Menschenunwürdige Umstände

41 Tage lang nur durch einen Bretterverschlag von der Toilette getrennt: Nun sprach das Landgericht Osnabrück einem früheren Untersuchungshäftling 1.200 Euro Schmerzensgeld zu. Nicht der erste derartige Fall in Niedersachsen

von KAI SCHÖNEBERG

Erneut ist das Land Niedersachsen wegen menschenunwürdiger Haftbedingungen verurteilt worden: Die 5. Zivilkammer des Landgerichts Osnabrück sprach gestern einem 51-jährigen ehemaligen Untersuchungshäftling eine Entschädigung in Höhe von 1.200 Euro zu. Hans-Jürgen W. hatte zwischen Februar 2002 und Januar 2003 insgesamt 41 Tage in Zellen im Osnabrücker Gefängnis verbracht, in denen die Toilette nur durch einen Bretterverschlag abgetrennt war. Die im Juristendeutsch „Schamsichtschutz“ genannte Abort-Begrenzung war nur brusthoch, eine eigene Entlüftung gab es nicht. „Einmal war es eine neun Quadratmeter große Zelle mit einem Mithäftling, dann ein 18 Quadratmeter großes Zimmer mit insgesamt fünf Insassen“, sagt W.s Anwalt Frank Mähs.

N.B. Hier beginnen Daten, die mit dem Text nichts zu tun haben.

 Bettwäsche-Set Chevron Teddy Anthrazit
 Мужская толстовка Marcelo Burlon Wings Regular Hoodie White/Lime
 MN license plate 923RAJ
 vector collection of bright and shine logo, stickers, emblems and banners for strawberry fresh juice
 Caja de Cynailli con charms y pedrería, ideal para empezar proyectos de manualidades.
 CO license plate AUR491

„Mensch, ich leb’ doch in Deutschland, in einem Rechtsstaat“, erklärt der siegreiche Ex-Häftling W. die Motivation seiner Klage. Das Urteil empfindet er als „kleine Genugtuung“. Der wegen versuchter Steuerhinterziehung Verurteilte hofft, „dass jetzt auch andere Häftlinge etwas unternehmen, damit die Haftbedingungen in den Gefängnissen in Zukunft besser werden“.

Seine Leidensgenossen haben sogar bereits etwas gegen die Situation in den niedersächsischen Knästen unternommen. Im Januar 2006 entschied das Bundesverfassungsgericht, dass ein weiterer Häftling zwar im Juli 2002 menschenunwürdig in der JVA in Hannover untergebracht war. Schmerzensgeld bekam der Mann, der über mehrere Instanzen geklagt hatte, dennoch nicht: Die Unterbringung in einer mit fünf Häftlingen vollgestopften 16-Quadratmeter-Zelle, in der die Toilette ebenfalls nur durch einen Vorhang abgetrennt war, sei zwar menschenunwürdig gewesen, urteilten die Richter.

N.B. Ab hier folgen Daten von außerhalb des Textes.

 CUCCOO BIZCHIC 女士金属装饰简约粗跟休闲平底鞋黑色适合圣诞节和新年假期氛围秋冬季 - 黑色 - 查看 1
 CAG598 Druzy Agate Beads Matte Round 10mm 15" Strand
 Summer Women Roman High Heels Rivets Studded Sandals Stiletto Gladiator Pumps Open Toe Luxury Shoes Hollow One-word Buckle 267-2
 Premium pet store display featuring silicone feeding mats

Allerdings sei die Dauer der Unterbringung mit zwei Tagen zu kurz für ein Schmerzensgeld. Der klagende Häftling habe ja bereits dadurch „einen hinreichenden Ausgleich und eine zureichende Genugtuung“ erhalten, dass mehrere Gerichte die Rechtswidrigkeit seiner Haftunterbringung und eine Verletzung seiner Menschenwürde festgestellt hatten. Anwalt Axel Feller reicht das nicht: Seine Klage beim Europäischen Gerichtshof für Menschenrechte wurde inzwischen zugelassen, ein Verhandlungstermin steht noch aus.

Ob das Land Niedersachsen gegen das gestrige Urteil Rechtsmittel einlegt, ist noch nicht klar. Die Umstände der U-Haft müssen für W. jedoch besonders erniedrigend gewesen sein. Rechtmäßig hätte ihm eine Einzelzelle zugestanden. Allerdings waren in dem Gefängnis, das damals für 77 Häftlinge ausgelegt war, bis zu 101 Gefangene untergebracht. Wegen Umbaumaßnahmen waren die Häftlinge zudem mit Ausnahme eines einstündigen Hofgangs praktisch den ganzen Tag in die Zellen gepfercht. Zudem gab es in W.s Räumlichkeiten weder Be- noch Entlüftung: „Im Sommer war es kochend heiß, im Winter viel zu kalt“, sagt W., der über die Bedingungen minutiös Tagebuch führte.

Von einer „zwar ärgerlichen, aber auch verdienten Konsequenz für ein fahrlässiges Behördenversagen“ sprach gestern der Grüne Ralf Briese. Das Urteil sei „Konsequenz einer Politik, der einzig und allein als wirksame Sanktion immer nur Inhaftierung einfällt“. Dass sich die Zustände in den 14 niedersächsischen Knästen bereits gebessert hätten, erzählt dagegen der Sprecher des Justizministeriums, Dennis Weilmann. Das Land habe viel Geld für die derzeit 6.800 Häftlinge investiert. Auch in Osnabrück verfüge heute jeder Haftraum über eine eigene Toilette mit entsprechender Belüftung. Das neue Gefängnis in Sehnde bei Hannover habe 103,5 Millionen Euro gekostet: „Wenn Ende des Jahres die neue JVA in Rosdorf bei Göttingen eröffnet wird, gibt es keine Überbelegung mehr“, sagt Weilmann.

Dennoch sieht das derzeit diskutierte neue Strafvollzugsgesetz grundsätzlich die Möglichkeit vor, Zellen weiter mit mehreren Häftlingen zu belegen. Dies, sagt der Grüne Briese, könne dazu führen, dass „dem Land weitere Entschädigungszahlungen drohen“.